1. Don't go out and fast just because it sounds like a neat thing to do
a. Take the subject seriously b. Fast only when the occasion is a serious one
c. One in which you desperately desire God's help
2. If you have never fasted before...
a. Start slow, fasting only for brief periods of time b. End slow, gradually breaking your fast with fresh fruits and vegetables in small amounts
3. Fast when you have time to spend in prayerful meditation
a. Remember the purpose for fasting b. To humble oneself in God's sight
c. To seek favorable answer to prayer for some important plea
1. There is probably much more that could be said on the subject of fasting
2. But I hope that this is enough to stimulate our thinking on a subject which has often been neglected in both study and practice
3. As with any subject, the Word of God is the last word, and I hope that this study has shed some light on what His Word says on the subject of fasting
1. Here is what I propose, with the approval of the elders here, they have given me the green light to call the church to a fast upon the behalf of Jim and his family.
a. Offer reasons why - why start with him? One may live without hand, not head. Each member is important, but sometimes your preacher has not developed or is not aware of things of divine assistance until he matures himself. We are not saying that others are of less significance that Jim, just that as all good things begin, we must begin as one, with one mind and one purpose. If you choose to include in your fast others which are just as in need as him - please do so. If you feel someone is not living up to their spiritual expectations of the body - pray intently for them as well. Go to your directory and write down beside every member the blessing you feel they need and pray for that.

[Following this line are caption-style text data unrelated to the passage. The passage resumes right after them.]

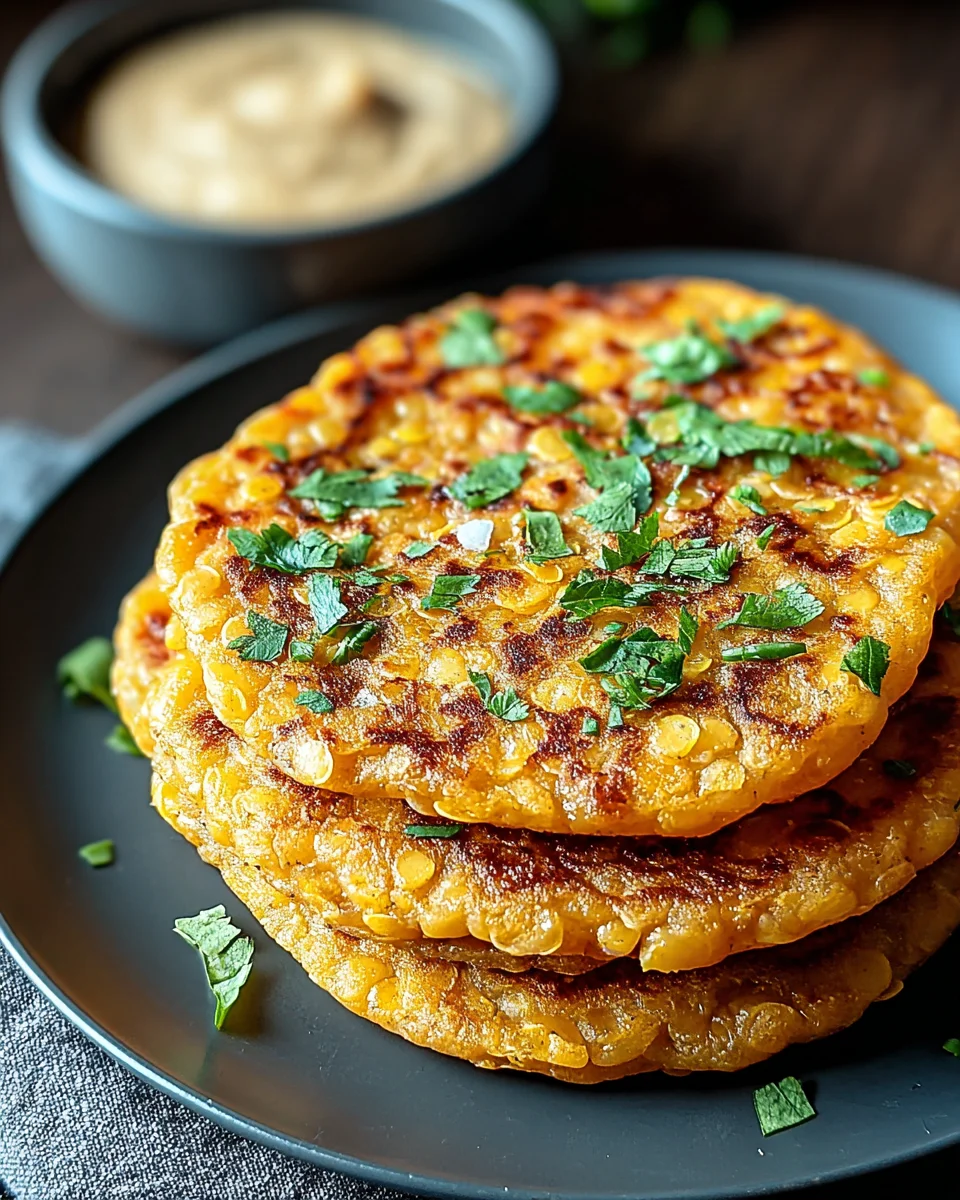 Savory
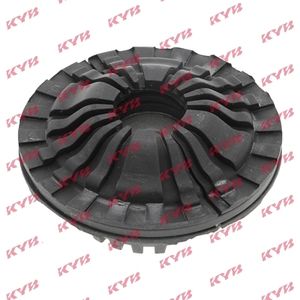 KYB Top Strut Mounting Front SM5784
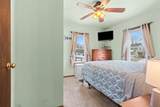 1815 Ullman Street - Photo 17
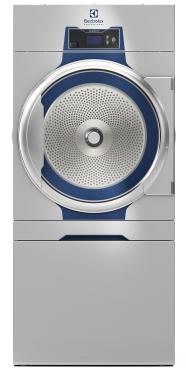 Electrolux Professional TD6-14 Electric Vented 14kg Tumble Dryer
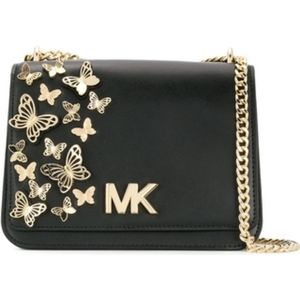 MICHAEL KORS | Mott Butterfly Bag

2. As with anything we do for the Lord there must be some kind of order to this proclamation
a. I am asking you to sign up for a forty day fast. We will not all fast for forty days rather one person at a time will fast unto the Lord for forty days.The sheet in the foyer is to be taken home and brought back with the names of those in your family who will participate. For those who will volunteer, you will be given a guideline on how to proceed with the fast with some general thoughts and instructions about proceeding to do this ministering unto the Lord. I will set up a roster at home and call and ask if such and such a time will be convenient for you to exercise your fast on a certain date.
3. Just because you do not sign up does not make you less spiritual than others. We are not making this mandatory. We are not going to make this issue a test of fellowship, but I feel I have presented enough evidence to practice this service and given enough reason to motivate you to rise to the call. There may be obvious reasons why you couldn't perform this task. God knows and God understands your condition and in the end that is all that matters.